On behalf of the German side, the document was also signed by the Chargé d’Affaires ad interim of the German Embassy in Paris, Ms. Gudrun Lingner.
The new Agreement will become an important step in updating the legal and treaty framework between Ukraine and Germany in line with modern international taxation standards and will contribute to the development of bilateral economic and investment cooperation.
The document establishes clear rules for allocating taxation rights over income between the two states, aims to eliminate double taxation, prevent tax evasion, and create stable conditions for doing business.
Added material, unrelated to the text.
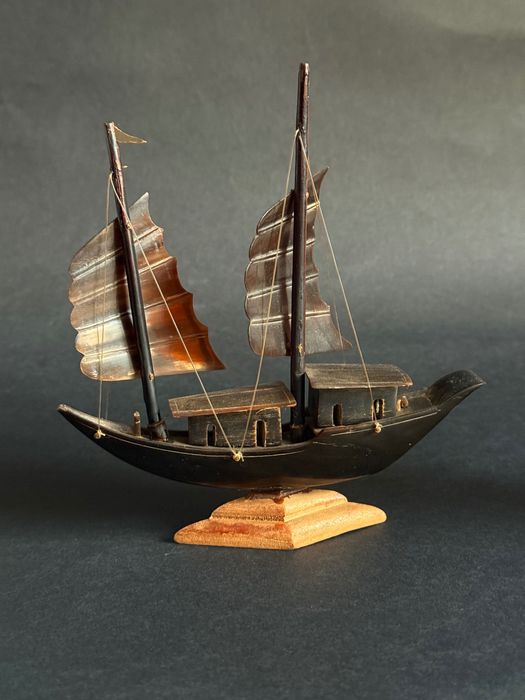 STATEK Jacht ŻAGLOWIEC z rogu  Bawoła dekoracja lodzie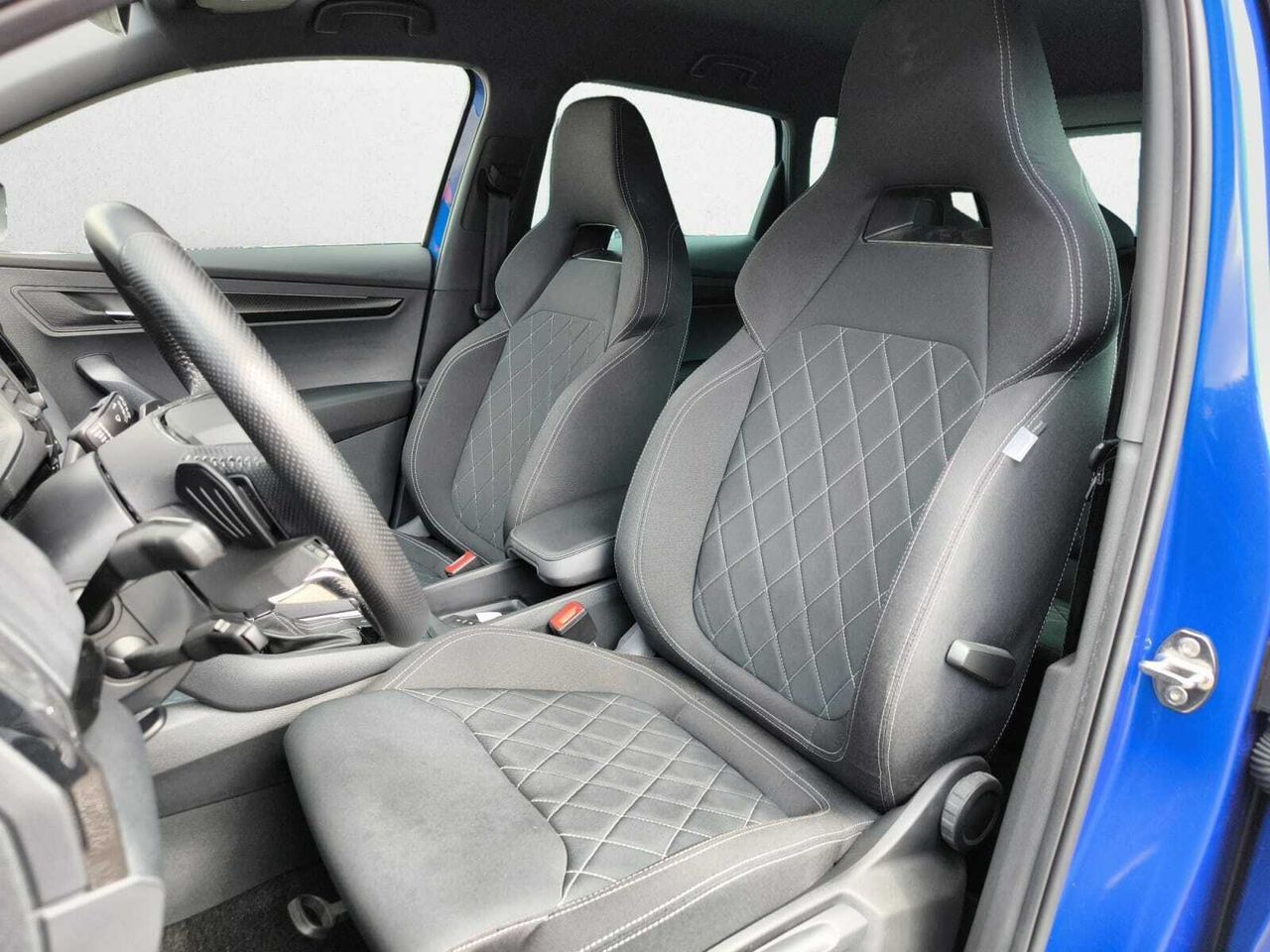 Skoda Karoq SPORTLINE 2.0 TDI 150 CV DSG 4X4  - Foto 2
“The signing of the new Agreement with Germany is an important step toward deepening economic cooperation between our countries. The document creates more transparent, fair, and predictable tax conditions for businesses and investors, while also strengthening the ability of both countries to counter tax abuse. At the same time, the updated approaches to the taxation of passive income correspond to Ukraine’s national economic interests and modern international standards,” said Ukraine’s Minister of Finance, Serhii Marchenko.

Once it enters into force, the new Agreement will replace the current Ukrainian-German Agreement on the Avoidance of Double Taxation signed on July 3, 1995.
Key changes provided for by the new Agreement
The Agreement updates taxation approaches in accordance with OECD standards and provides for changes in tax rates on passive income in the source state.
Taxation of dividends:
- The 5% rate is retained for dividends received by a company of one contracting state that owns at least 20% of the capital of a company in the other state;
- The rate is increased from 10% to 15% in other cases of dividend payments.
Taxation of interest:
- The rate is increased from 2% to 5% for interest paid on credit sales and on loans provided by banks and financial institutions.
Taxation of royalties:
- The zero tax rate for certain types of royalties has been abolished;
- A general tax rate of 5% has been established.
The new document also contains provisions regarding:
- prevention of abuse of tax benefits;
- expansion of tax information exchange between the competent authorities of Ukraine and Germany;
- mechanisms for resolving disputes in order to protect taxpayers’ rights.